╭─ Recorded information

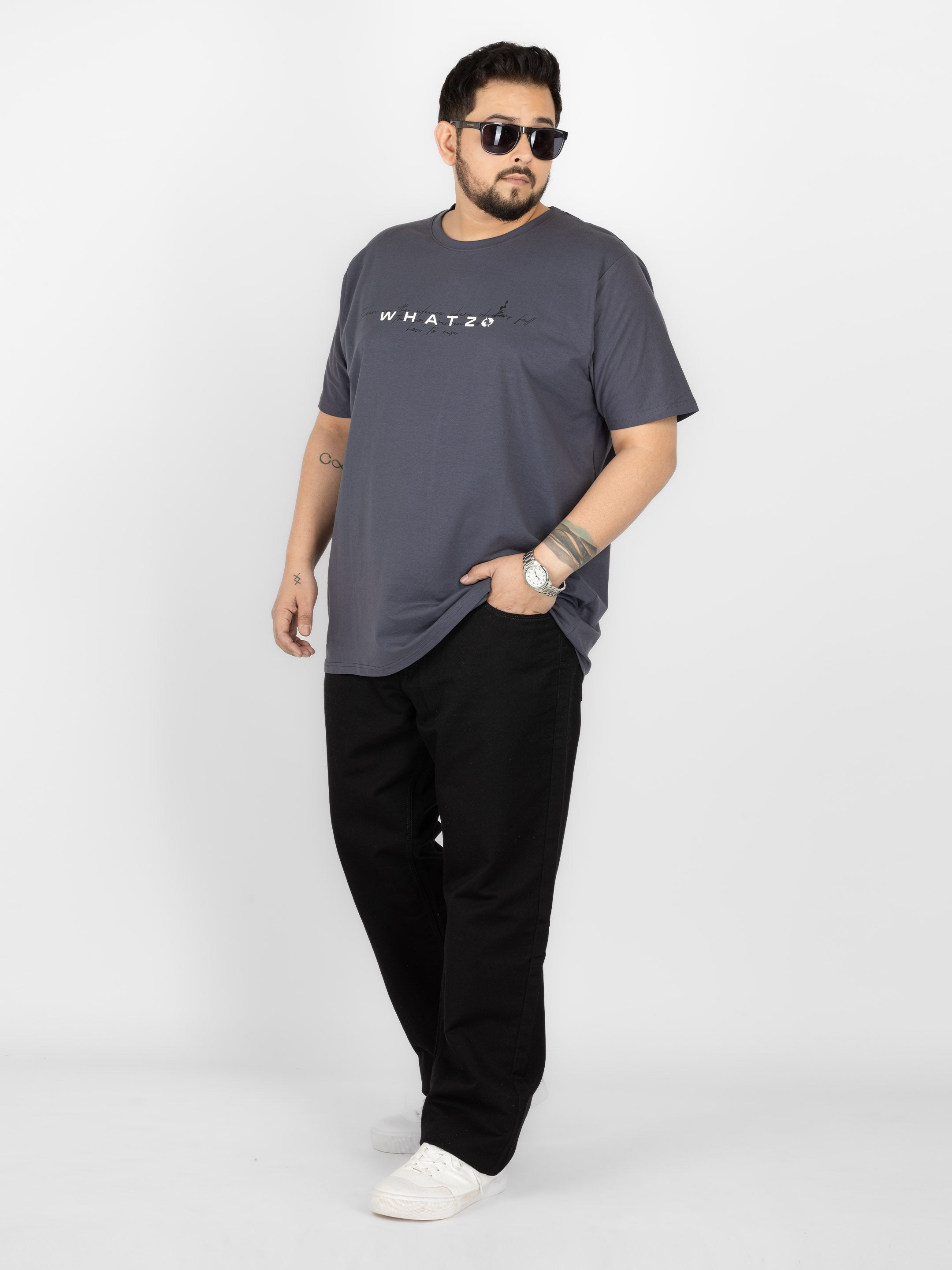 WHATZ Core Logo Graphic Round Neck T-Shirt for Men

╰─
╭─ Recorded information

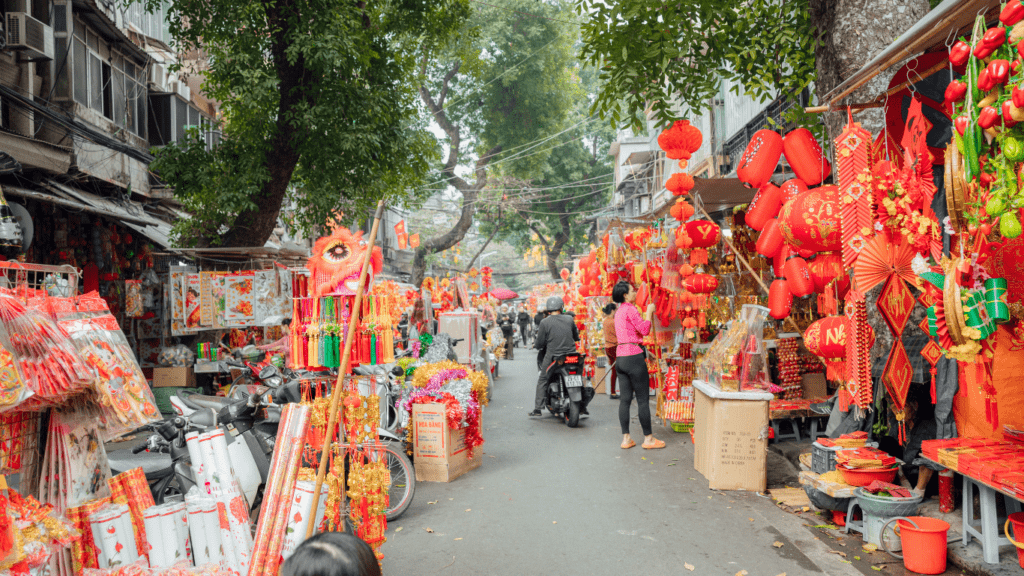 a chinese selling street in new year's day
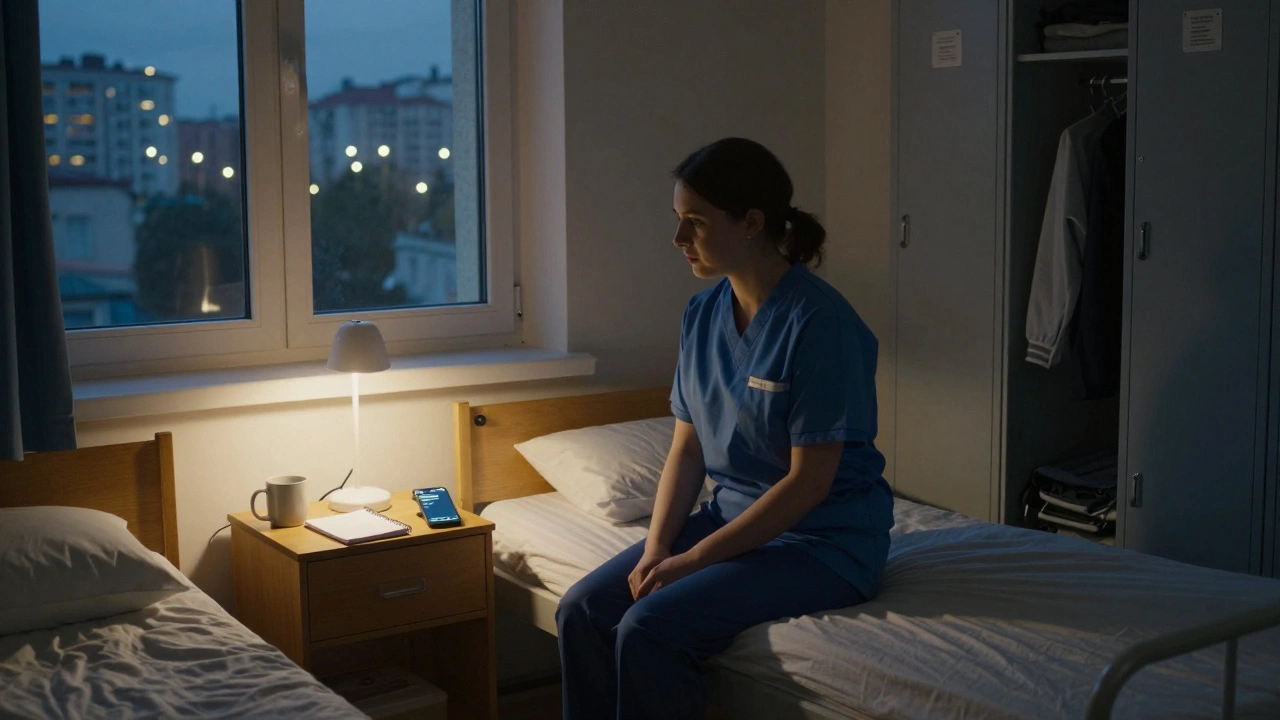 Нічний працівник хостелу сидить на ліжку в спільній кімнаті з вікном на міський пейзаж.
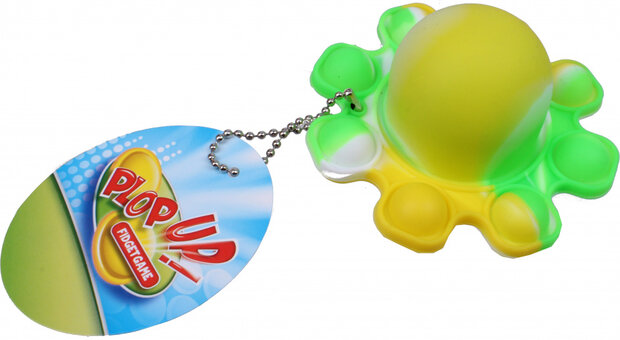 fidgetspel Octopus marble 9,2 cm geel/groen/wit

╰─

Look above for the line with "Нічний працівник хостелу" and the line with "fidgetspel Octopus marble", then copy exactly the lines from the first through the second, both kept, with no pictures.

*Written answer*:
 Нічний працівник хостелу сидить на ліжку в спільній кімнаті з вікном на міський пейзаж.
 fidgetspel Octopus marble 9,2 cm geel/groen/wit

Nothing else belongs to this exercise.